0

I am trying to find a way of remove all the occurences of an item in a list in Python. To do so, imagine that my list is:

foo_list = [1,2,3,4,2,3]

And let's suppose I am trying to get rid of the item 2. If I use the .remove method, it will just delete the first 2 in my list.

foo_list.remove(2)

Will have as output [1,3,4,2,3] but I would like to have as output [1,3,4,3]. Of course I can do so using a comprehension list such as:

[item for item in foo_list if item !=2]

I could also do set(foo_list) but I do want to keep the replicates elements that are not the selected one, 2 in this case.

But I am trying to search for a way to do it without the need of a for loop as my real list has more than 100000 items, which it's making this procedure really slow. Is there any method similar to remove that would allow me to delete all the selected items?

Any help would be appreciated.

Marisa
  • 1,135
  • 3
  • 20
  • 33
  • 1
    I'm pretty sure that a list comprehension will be significantly faster than repeatedly calling `remove` on a list, and I can't think of any other ways to get rid of all occurences of a list element. – Aran-Fey Sep 20 '18 at 10:57
  • 2
    Whatever method is used, it will have to iterate the list at least once. List comprehension should be up there with any alternative.
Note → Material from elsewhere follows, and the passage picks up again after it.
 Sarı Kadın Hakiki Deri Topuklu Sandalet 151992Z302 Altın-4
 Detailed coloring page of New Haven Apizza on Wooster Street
Also, `10000` is not that big a number. – user2390182 Sep 20 '18 at 10:57
  • 1
    Another option is to populate a numpy array and then run a mask /filter on the array – skibee Sep 20 '18 at 10:59
  • 1
    Possible duplicate of [Removing duplicates in lists](https://stackoverflow.com/questions/7961363/removing-duplicates-in-lists) – bobah Sep 20 '18 at 11:04

5 Answers5

1

You could always use filter, but it won't be any faster than a list comprehension.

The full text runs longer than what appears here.